──────── SUPPLIED RECORDS ────────
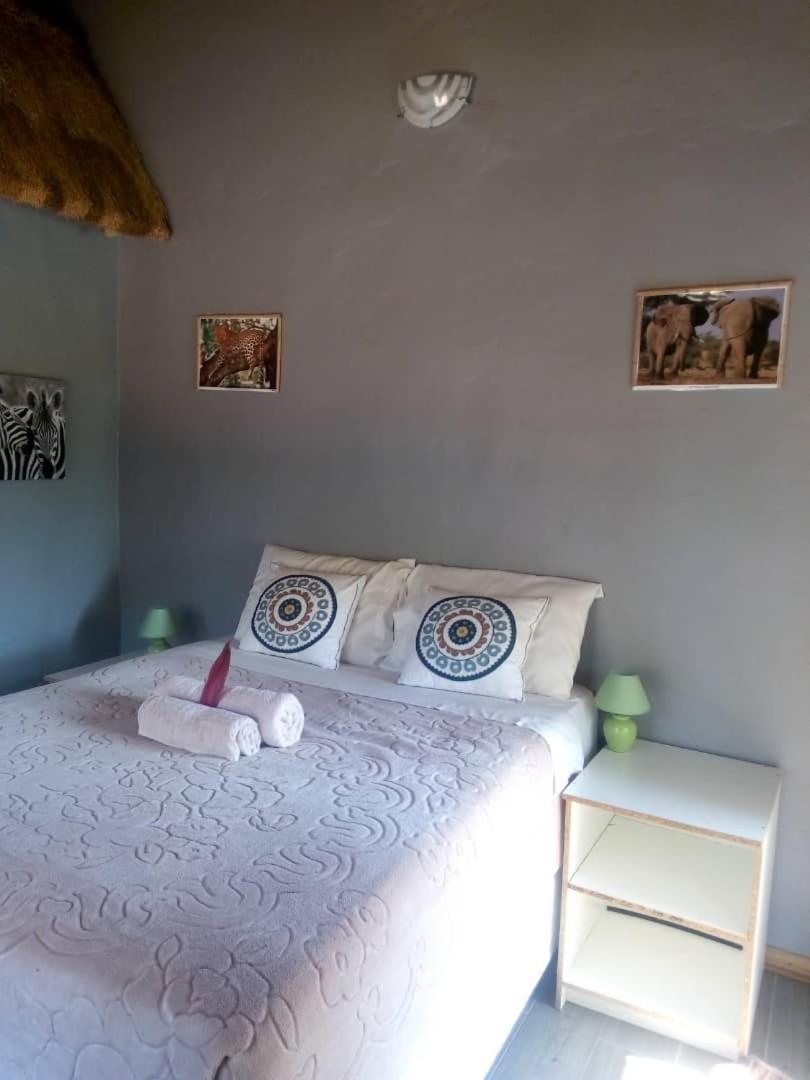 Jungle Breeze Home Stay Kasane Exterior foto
────────
──────── SUPPLIED RECORDS ────────
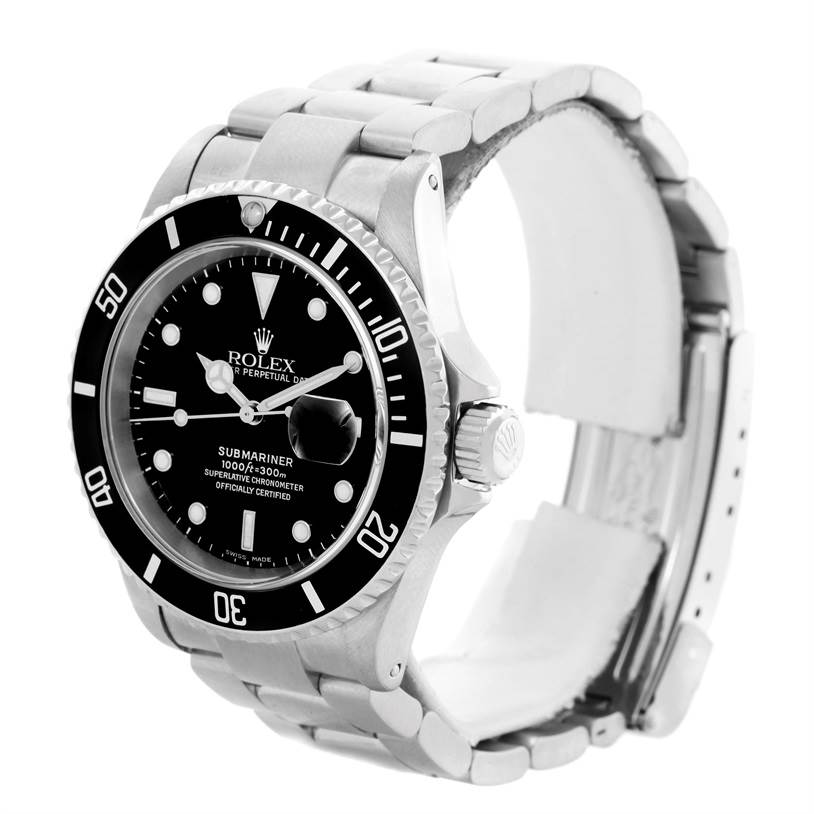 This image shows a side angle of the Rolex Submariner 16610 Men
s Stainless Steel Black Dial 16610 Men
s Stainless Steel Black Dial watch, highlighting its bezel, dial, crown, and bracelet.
────────
──────── SUPPLIED RECORDS ────────
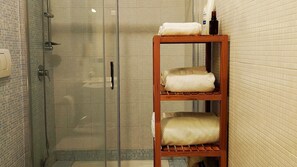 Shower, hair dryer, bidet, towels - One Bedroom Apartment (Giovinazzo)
────────
▸ **EXERCISE**: Look above for the line with "This image shows", then give again exactly every line from there through the line with "s Stainless Steel Black Dial watch, highlighting", skipping the pictures.

▸ **COMPLETED EXERCISE**:
 This image shows a side angle of the Rolex Submariner 16610 Men
s Stainless Steel Black Dial 16610 Men
s Stainless Steel Black Dial watch, highlighting its bezel, dial, crown, and bracelet.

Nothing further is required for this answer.